Using pen and paper and/or Excel, plot the curve \(Y=20+0.75X-0.03X^2\).

#### 1.1.2. Age example

Age often has non-linear effects: how to handle it?

use http://teaching.sociology.ul.ie/so5032/example1 recode age = . if age < 15 drop if income >6000 scatter income age, mfcol(blue%05) mlcolor(white%00) reg income age reg income age if age<=34 reg income age if age>34 gen ageg = 5*int(age/5) reg income i.ageg reg income age##age

#### 1.1.3. Model a non-linear relationship

Run this do-file to load data on

do http://teaching.sociology.ul.ie/so5032/labs/birth

Fit models predicting birth rate using GNP as

- a linear effect
- a quadratic effect (GNP plus squared GNP)
- logged GNP and
- a grouped effect.

Consider the fit of the four models.

Plot the four predicted values as lines/curves on the same graph: how do they compare? Plot the residuals as well.

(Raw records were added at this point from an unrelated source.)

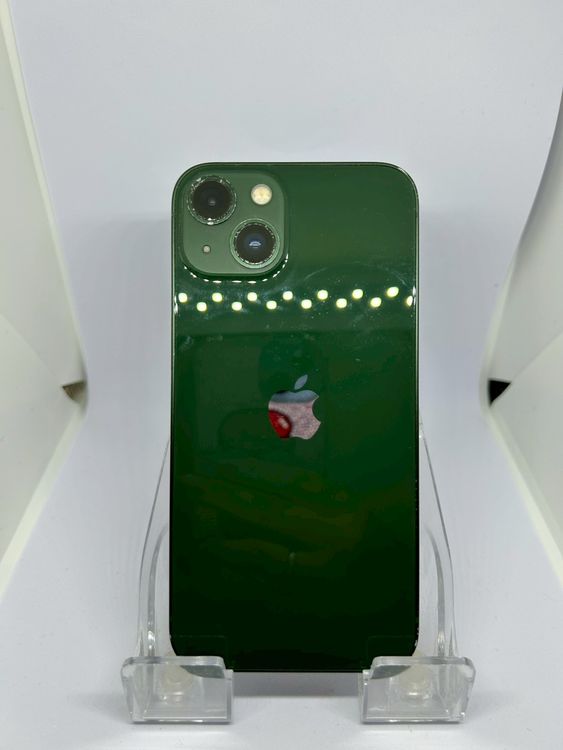 ��SIM�ե꡼ iPhone13  128GB ���꡼�� �Хåƥ꡼73%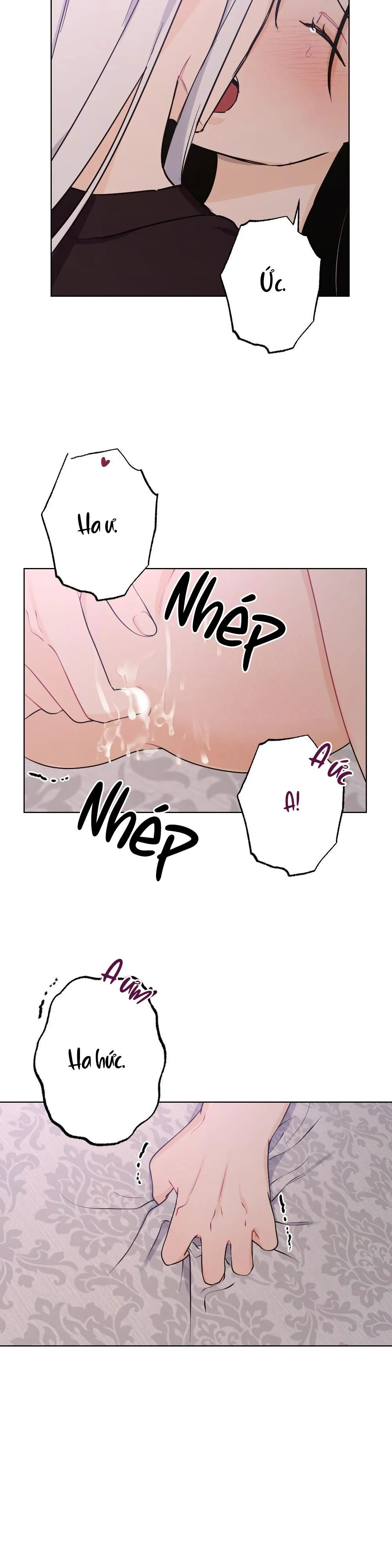 (BL) TÌNH BIỆT LY Chapter 10 Trang 30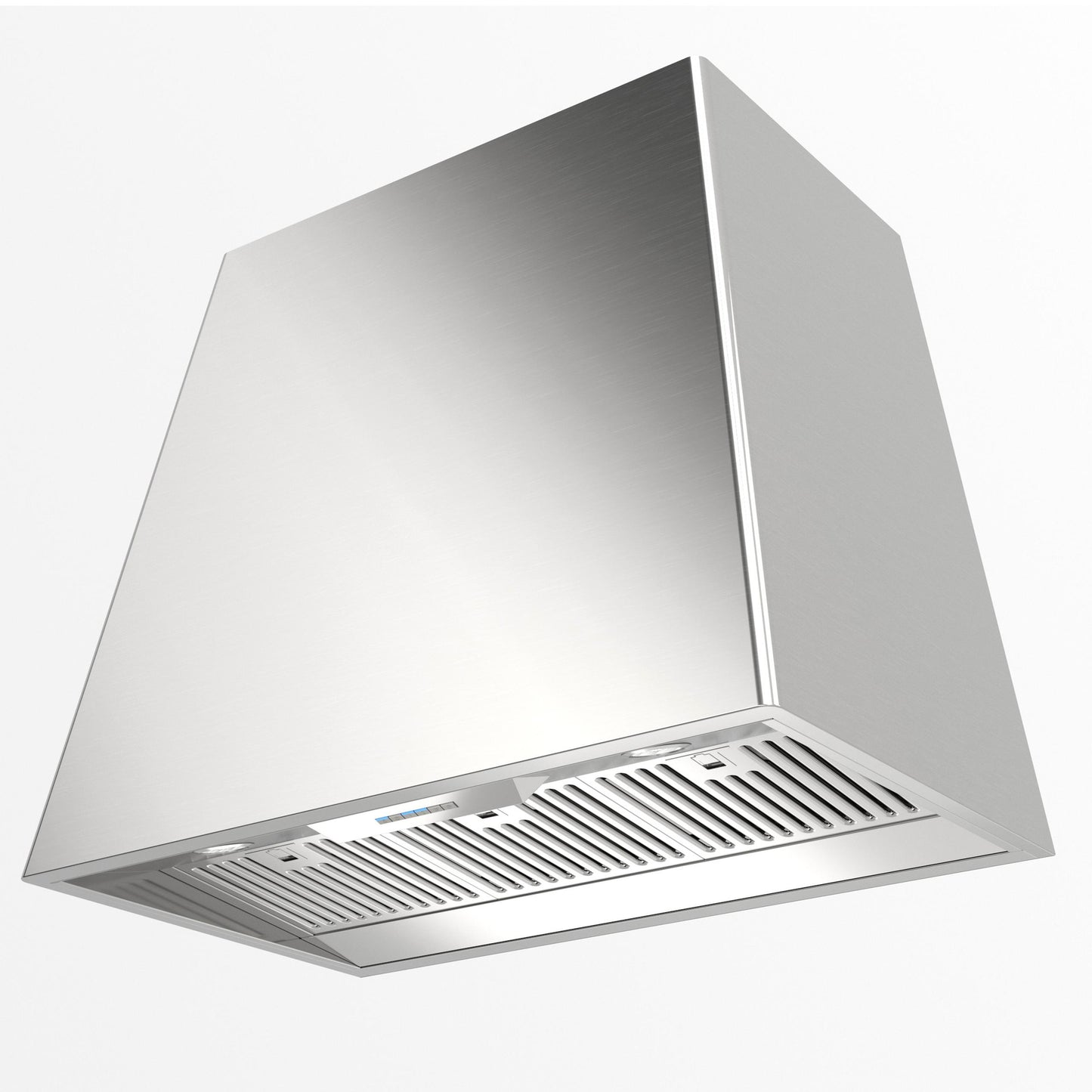 XO APPLIANCE XOVD148SS XO 48in Designer Hood in Stainless Steel - XOVD148SS
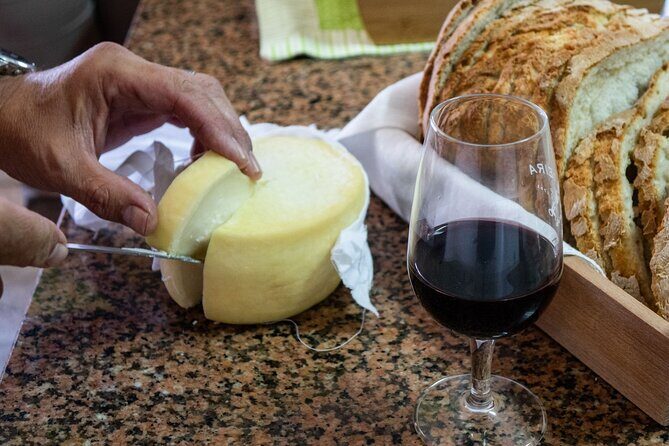 Private Portuguese Cooking Class in Lisbon with Paulo and Family - FAQ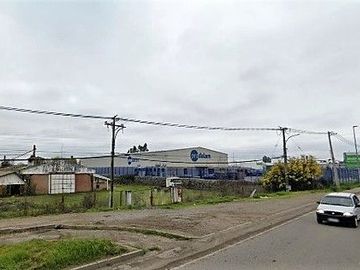 VENDE TERRENO INDUSTRIAL EN LINARES, 10.000 M2. MUY BUENOS ACCESOS Y CONECTIVIDAD CON CARRETERA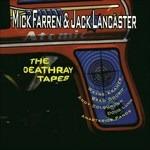 Deathray Traps - CD Audio di Mick Farren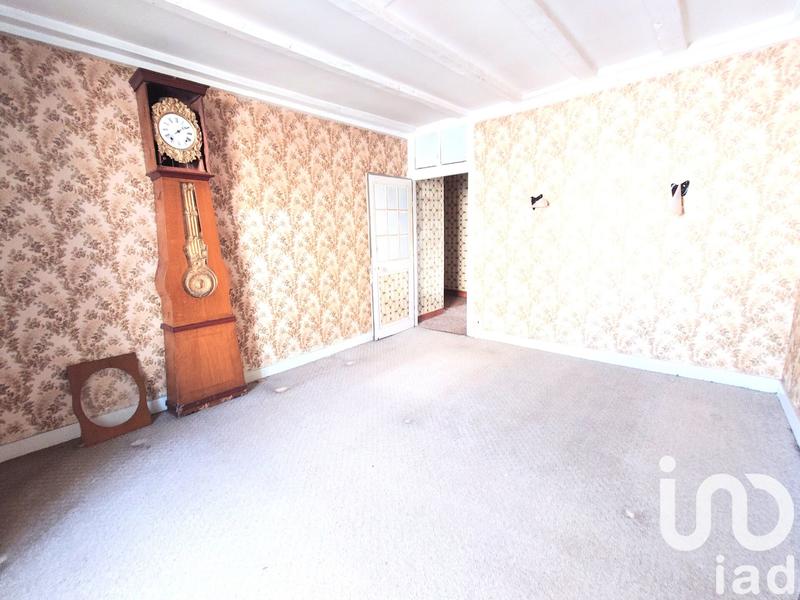 Maison - 176 m² - 6 pièces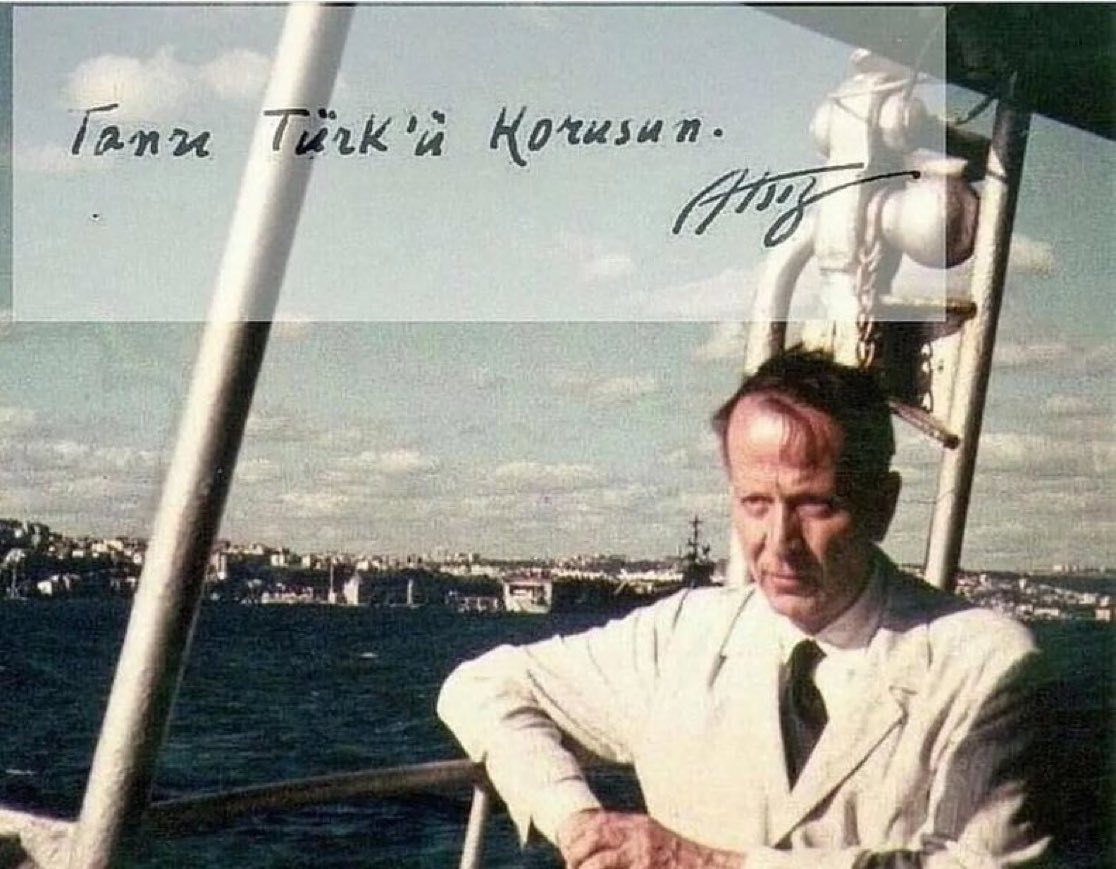 Türkçü Paylaşım tweet media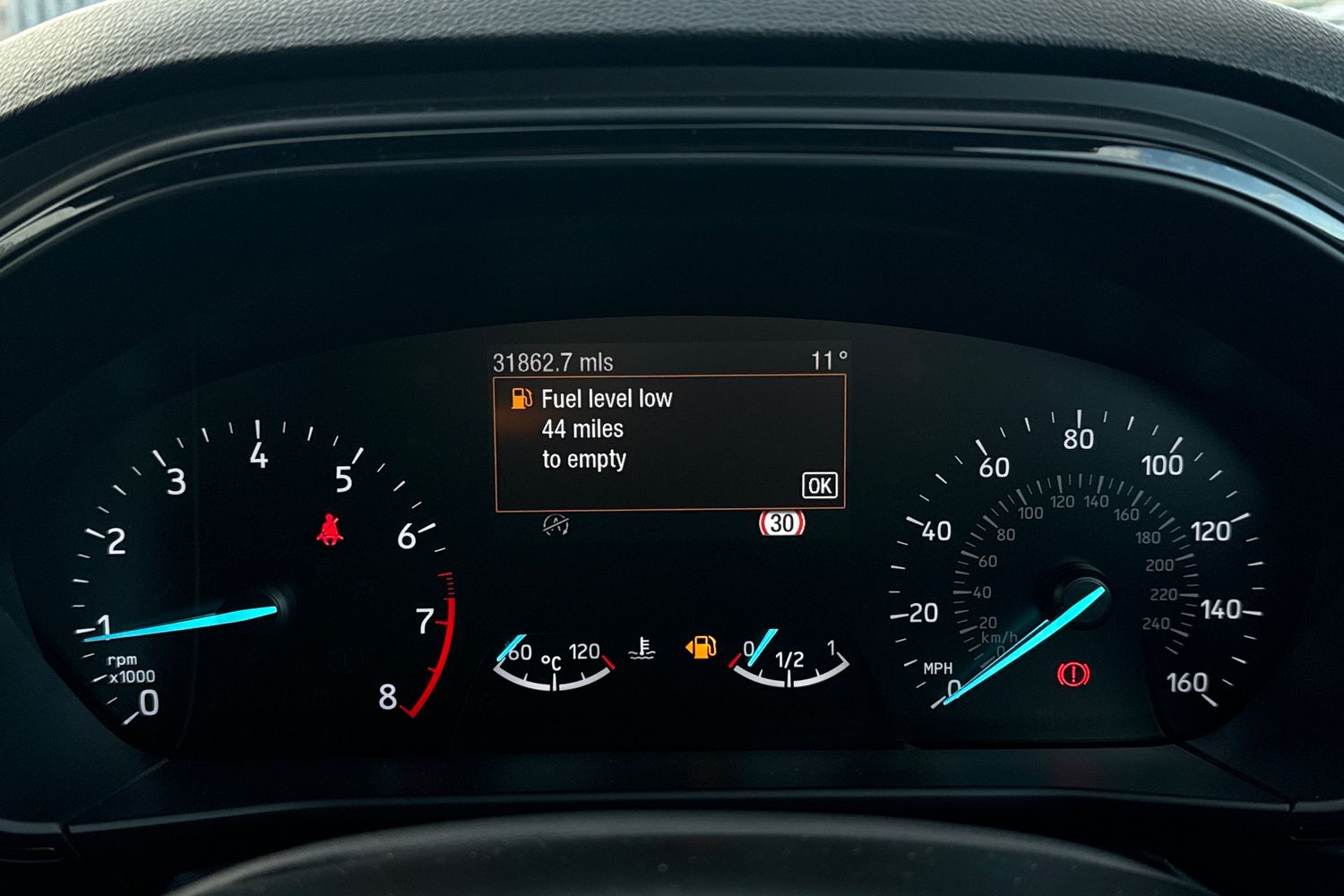 Used Ford Focus 2018 for sale - 76876084: Photo 15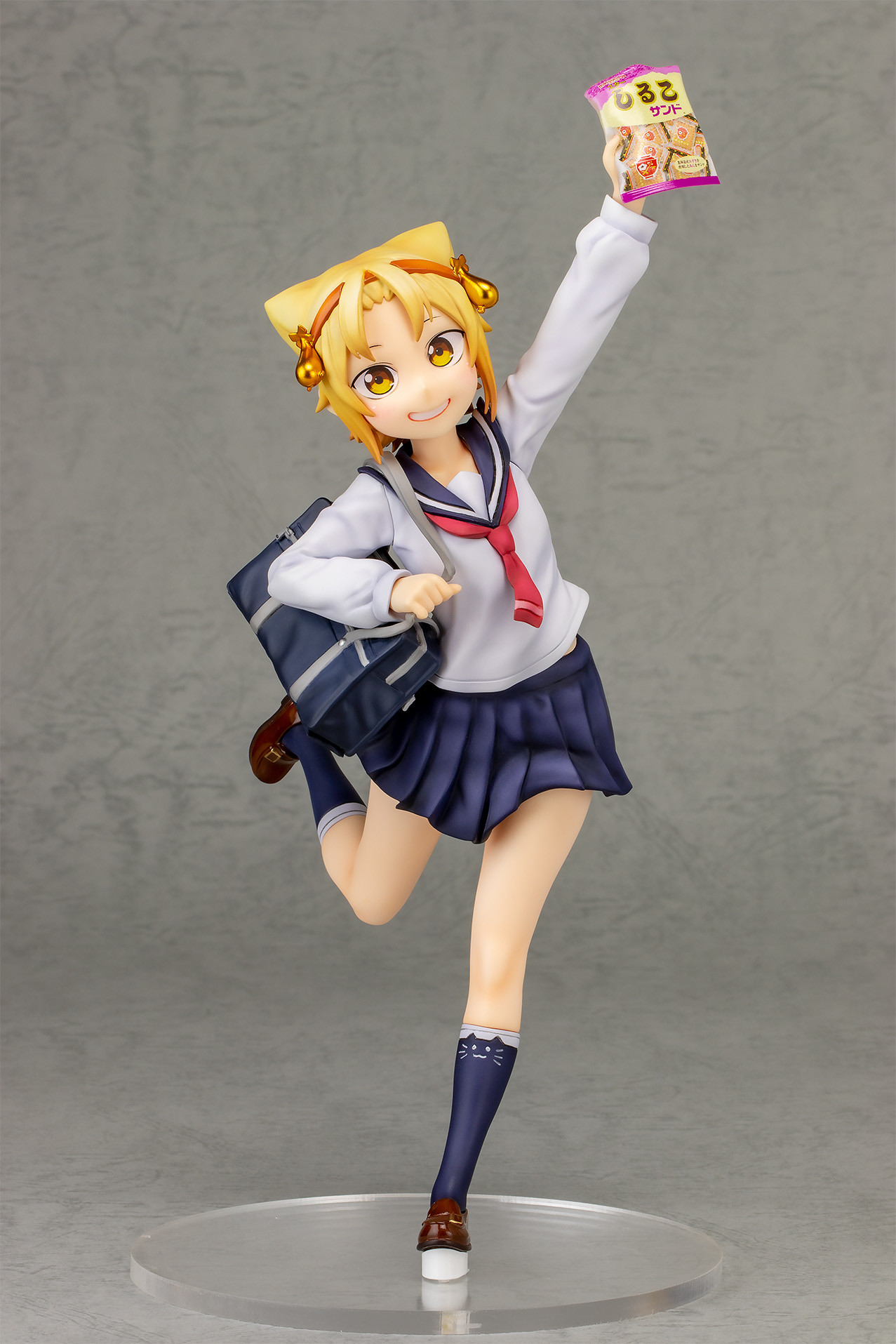 Yatogame-chan Kansatsu Nikki - Yatogame Monaka - 1/7 - Limited Edition (FOTS Japan) photo 9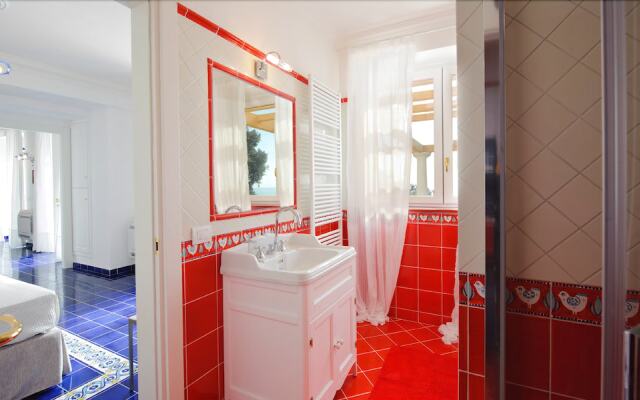 Villa Duchessa d'Amalfi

### 1.2. Murder, mayhem and model search

Load this data set for US states, which details various crime and other statistics.

use http://teaching.sociology.ul.ie/so5032/labs/agrestistates

Explore the
data set, and search for a good model to predict the murder rate,
using t-tests, Adj-R^{2}, F as appropriate. Start by
looking at bivariate regressions, then move on to fuller models.

Do you observe **multicollinearity**? That is, correlated explanatory
variables that are strong individually but both weak when entered
together?

#### 1.2.1. Residuals

When you have a model with which you are satisfied, generate residuals,
and examine them: look at their distribution (`histogram`

), their
scatter plot with each of the explanatory variables, and examine cases
with large residuals (positive or negative).

reg mr m w h predict r, res scatter r m scatter r w scatter r h

#### 1.2.2. Cook's Distance

A measure of how much influence a case has on the model is "Cook's Distance". This is related to the residual, but is a better measure of how much the case affects the estimation. It is available from the same dialogue as the residuals. Generate it, and examine it in comparison with the other variables, and with the residuals.

predict cd, cooksd

Having done that, remove the case with the highest Cook's Distance from the data and fit the regression again. Do the results differ? If so, how would you explain that? In research terms, would it make sense to remove this case, would it change the substantive inferences you could make?

Note: the `dfbeta`

command creates a new variable for each explanatory
variable in the model, showing the effect each case has on the parameter estimates:

dfbeta

The Cook's distance is an overall measure, while the DFBETAs show the effect variable by variable.